这2天装了一套生产库两个节点的RAC,因为之前的环境上已经有rac了,属于重装。听说之前的库有不小的问题,也没有深入研究而且要的又急,就直接开始重装了。
这也预示了安装上会遇到很多问题。
OS版本:RHEL7.1,ORACLE版本:11.2.0.4
在删除之前的环境上没有遇到什么问题
然后是安装。
1.磁盘绑定与清理
磁盘绑定有多种方式,比如raw,udev,还有oracle官方的asmlib
在安装grid的时候选择磁盘,磁盘用的multipath做了冗余,但是/dev/mapper/data*的权限是root的,oracle无法识别。
所以我这里做了raw的绑定,比如
/bin/raw /dev/raw/raw113 /dev/mapper/data113
chown grid:asmadmin /dev/raw/raw113
然后再/etc/rc.local中写入/bin/raw /dev/raw/raw113 /dev/mapper/data113,设置开机绑定
因为磁盘是使用过的,磁盘状态不是candidate
SQL> select group_number,mount_status,header_status,total_mb,path from v$asm_disk;
GROUP_NUMBER MOUNT_S HEADER_STATU TOTAL_MB PATH
------------ ------- ------------ ---------- ----------------------------------------
0 CLOSED MEMBER 0 /dev/raw/raw102
0 CLOSED FORMER 0 /dev/raw/raw121
0 CLOSED FORMER 0 /dev/raw/raw120
0 CLOSED FORMER 0 /dev/raw/raw118
0 CLOSED FORMER 0 /dev/raw/raw119
0 CLOSED MEMBER 0 /dev/raw/raw103
0 CLOSED MEMBER 0 /dev/raw/raw104
...
这里的磁盘肯定在安装的时候是不可直接使用的,需要清理磁盘
dd if=/dev/zero of=/dev/mapper/data101 bs=1k count=1
bs*count必须>=磁盘头大小,bs的值会直接影响dd的速度
清理了以后就可以在安装过程中选择该磁盘了
2.gpgkey
安装过程中发现未安装elfutils-libelf-devel,使用yum安装失败
检测yum
[root@xsdbd31 ~]# yum repolist
...
repolist: 17,341
查看yum 配置文件
[root@xsdbd31 yum.repos.d]# pwd
/etc/yum.repos.d
[root@xsdbd31 yum.repos.d]# cat redhat7_1.repo
[beta] #
name=redhat-$releasever - beta
baseurl=http://10.174.70.29/redhat/redhat7.1
enabled=1
gpgcheck=1
gpgkey=file:///etc/pki/rpm-gpg/RPM-GPG-KEY-redhat-beta
priority=1
gpgkey用的是beta版,不是release
rpm --import file:///etc/pki/rpm-gpg/RPM-GPG-KEY-redhat-release
然后重新安装即可
3.ACFS-9459, ACFS-9201
在安装grid执行root.sh的时候遇到如下问题
[client(27240)]CRS-10001:19-Jan-18 03:47 ACFS-9459: ADVM/ACFS is not supported on this OS version: 'unknown'
[client(27242)]CRS-10001:19-Jan-18 03:47 ACFS-9201: Not Supported
很明显的错误,该数据库版本和当前OS未认证,检测MOS文档说可以忽略。
虽然是忽略了,但是后续也遇到了不少问题
4.tmp环境变量
[grid@xsdbd31 bin]$ ./cluvfy stage -pre crsinst -n xsdbd31,xsdbd32 -r 11gR2 -verbose
ERROR:
Work area path "tmp/" is invalid.
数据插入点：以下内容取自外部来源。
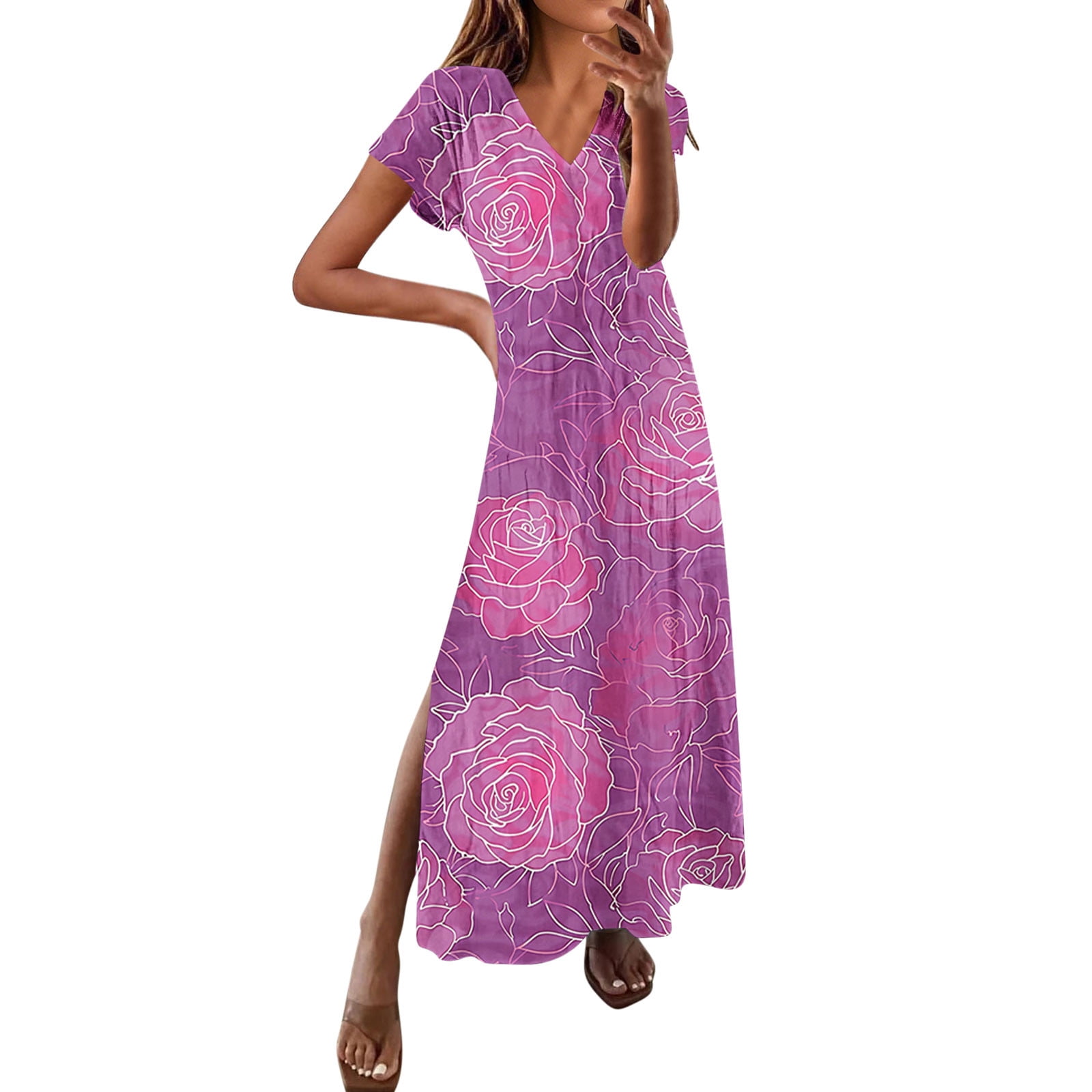 Hvot&aat Women's Summer Boho Maxi Dresses V Neck Short Sleeve Loose Fit Dress Slit Beach Vacation Dresses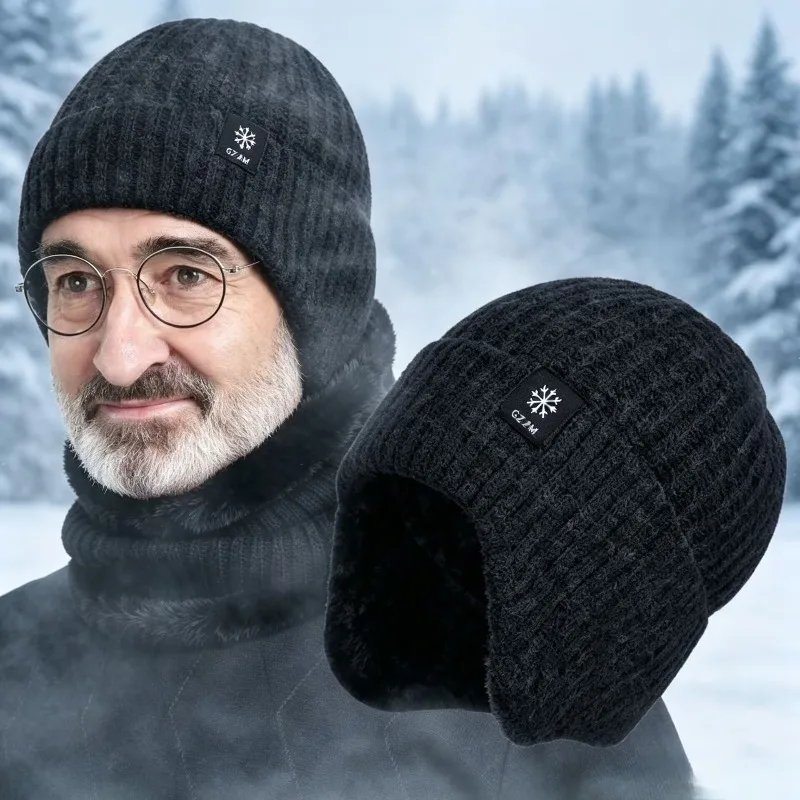 Men Winter Knitted Hat Plush Warmth Peaked Cap Outdoor Earmuff Casual Fashion Faux Fur Lined Beanie Hats Cycling Ear Protection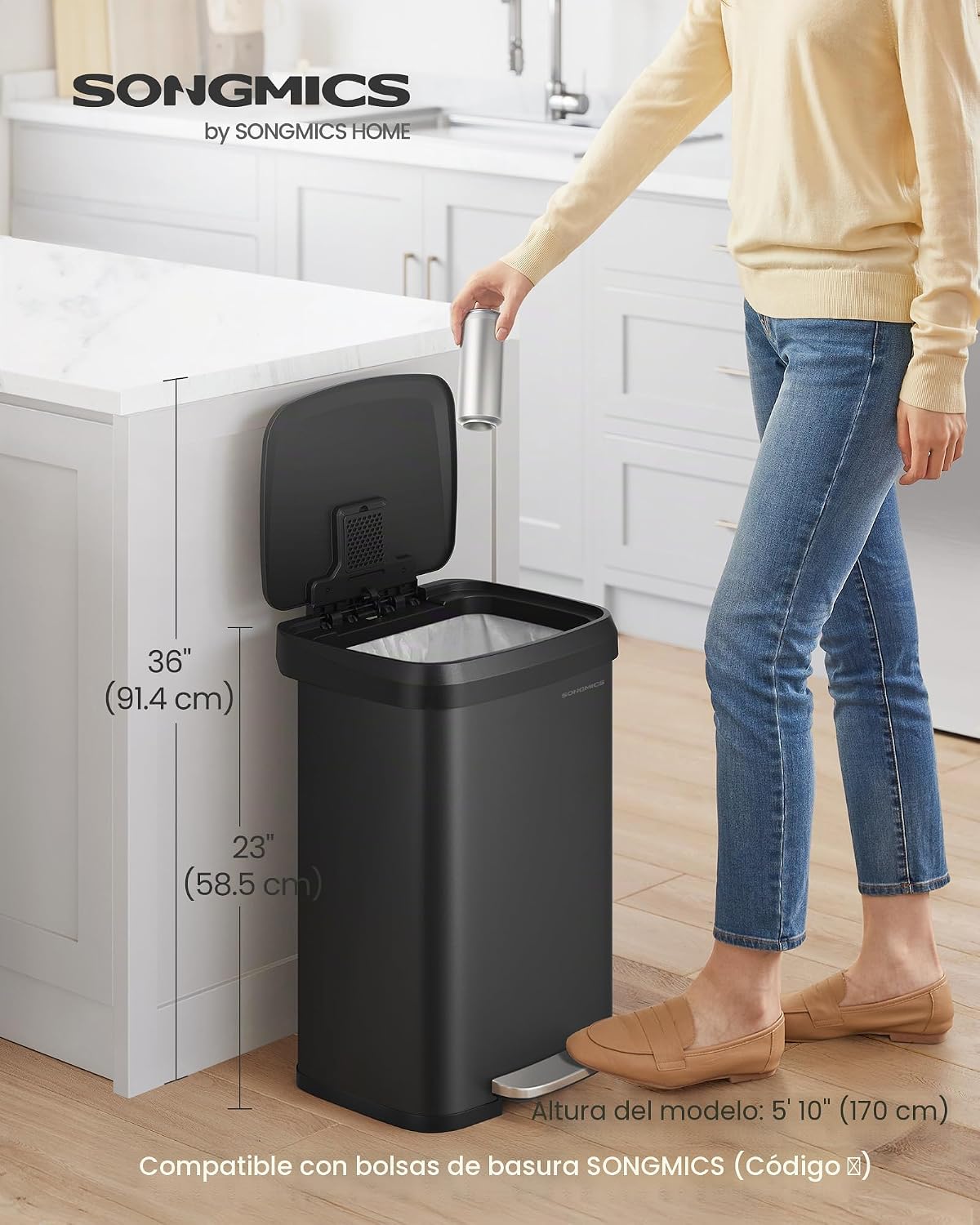 Cubo basura acero inox 50L con pedal y tapa abierta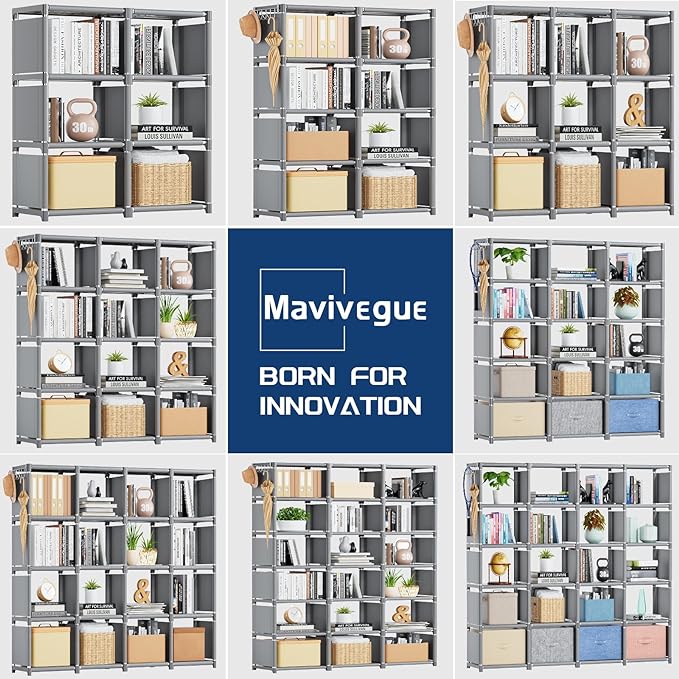 Mavivegue Book Shelf, 6 Cube Storage Organizer, DIY Bookcase, Metal Cube Bookshelf,Tall Book case for Bedroom, Living Room,Office,Closet Storage Organizer, Grey Cubicle Storage Rack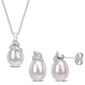 Gemstone Classics&#40;tm&#41; 0.04kt. Diamond & Pearl Earrings & Pendant Set - image 1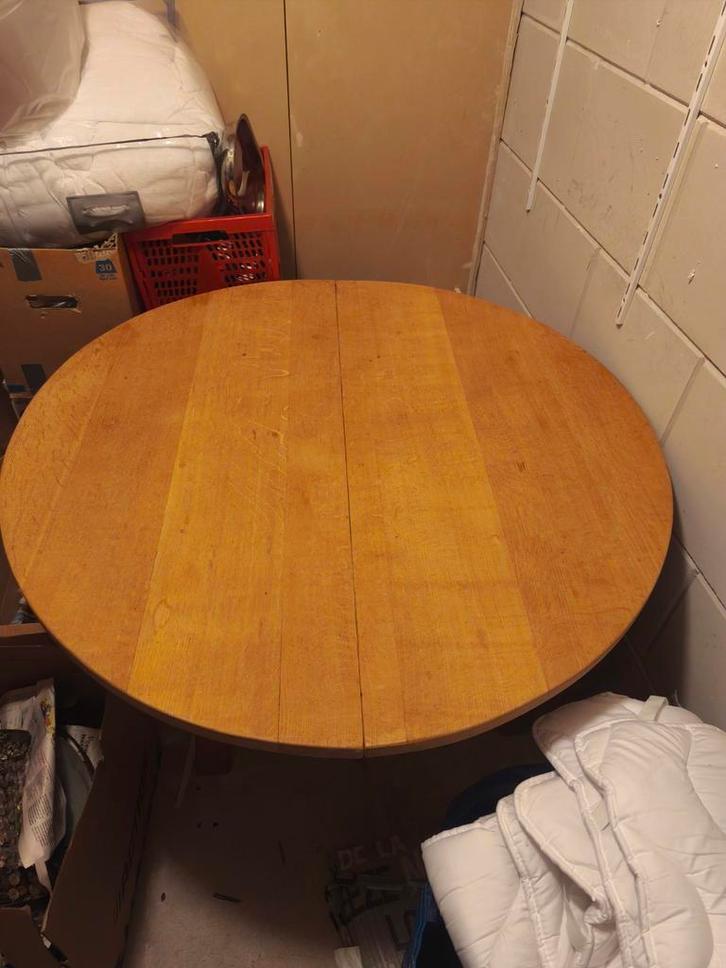 Ronde eettafel uitschuifbaar uitschafbare hout, Huis en Inrichting, Tafels | Eettafels, Zo goed als nieuw, 100 tot 150 cm, 100 tot 150 cm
It must be specified as an absolute pathname
刚开始还以为是tmp空间不够,其实报错说明了IT必须是绝对路径
检查grid profile中的变量
export TMP=tmp;
export TMPDIR=$TMP;
更改成
export TMP=/tmp;
export TMPDIR=$TMP;
5.非root用户id为0
在执行root.sh和检测脚本的时候都有如下报错
ERROR:
Unable to obtain network interface list from Oracle ClusterwarePRCT-1011 : Failed to run "oifcfg". Detailed error: null
Verification cannot proceed
刚开始以为是网络问题,检测了网络是正确的,防火墙也关闭了
查询了MOS
Errors PRCR-1006 PRCR-1071 PROC-5 reported during GI installation as multiple user has uid 0 (文档 ID 2012626.1)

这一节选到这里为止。